22 September 2016, The Tablet

A rebel for his times


 

Opera is full to the brim of single-minded transgressors, doing the forbidden thing in order to explore on our behalf what it means to be human. But none is more dedicated to his chosen path than Don Giovanni.

The anti-hero of Mozart’s 1787 opera – the most impervious to time and changing moeurs of all the thousand incarnations of the libertine who defies God and the marble statue that comes to demand his repentance – challenges Heaven as no one else ever did. As Denis de Rougemont wrote: “If the laws of morality did not exist, he would invent them in order to violate them.”

There are plenty of chances coming up to see again one of the most powerful and best-known scenes in all drama, as Giovanni is dragged to his doom by the marble statue he has joshingly invited to supper: three different productions of the opera are opening soon at English National Opera (30 September), Glyndebourne (15 October) and Northern Ireland Opera (18 November).
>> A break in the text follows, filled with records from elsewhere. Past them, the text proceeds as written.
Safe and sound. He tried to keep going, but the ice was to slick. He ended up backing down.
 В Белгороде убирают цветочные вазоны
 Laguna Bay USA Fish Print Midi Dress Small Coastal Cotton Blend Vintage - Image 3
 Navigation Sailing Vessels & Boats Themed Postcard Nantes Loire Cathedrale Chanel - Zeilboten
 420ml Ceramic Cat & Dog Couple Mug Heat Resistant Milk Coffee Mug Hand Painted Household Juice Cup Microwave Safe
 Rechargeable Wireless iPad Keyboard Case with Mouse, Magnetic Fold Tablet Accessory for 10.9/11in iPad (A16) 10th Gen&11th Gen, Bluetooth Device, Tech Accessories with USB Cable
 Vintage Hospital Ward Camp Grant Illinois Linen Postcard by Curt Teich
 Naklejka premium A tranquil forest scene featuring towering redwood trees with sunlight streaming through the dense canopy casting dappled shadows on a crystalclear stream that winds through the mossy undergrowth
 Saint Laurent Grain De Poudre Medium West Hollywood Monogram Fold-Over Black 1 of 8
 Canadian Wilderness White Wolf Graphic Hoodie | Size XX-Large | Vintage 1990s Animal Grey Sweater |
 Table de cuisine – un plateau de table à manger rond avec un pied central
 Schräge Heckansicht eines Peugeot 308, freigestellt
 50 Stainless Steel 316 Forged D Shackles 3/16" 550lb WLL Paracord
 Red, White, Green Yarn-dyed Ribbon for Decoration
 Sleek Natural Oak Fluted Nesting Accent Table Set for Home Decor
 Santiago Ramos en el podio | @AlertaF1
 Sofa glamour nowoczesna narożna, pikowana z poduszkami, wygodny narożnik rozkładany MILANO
Though Mozart lived in an age that questioned all the tenets of established religion, the terrifying music he wrote leaves no doubt we are supposed to take the scene seriously. But why exactly is Giovanni damned? He has merely been carrying on in the same way as any lusty nobleman of his time. Any decent barrister would certainly get him off his murder rap: what he did was clearly done in self-defence. Surely being an unreliable boyfriend is not enough to earn this fate? In fact, it is in Giovanni’s rebellion and intoxicated moral nihilism that we should seek the true reasons for his downfall.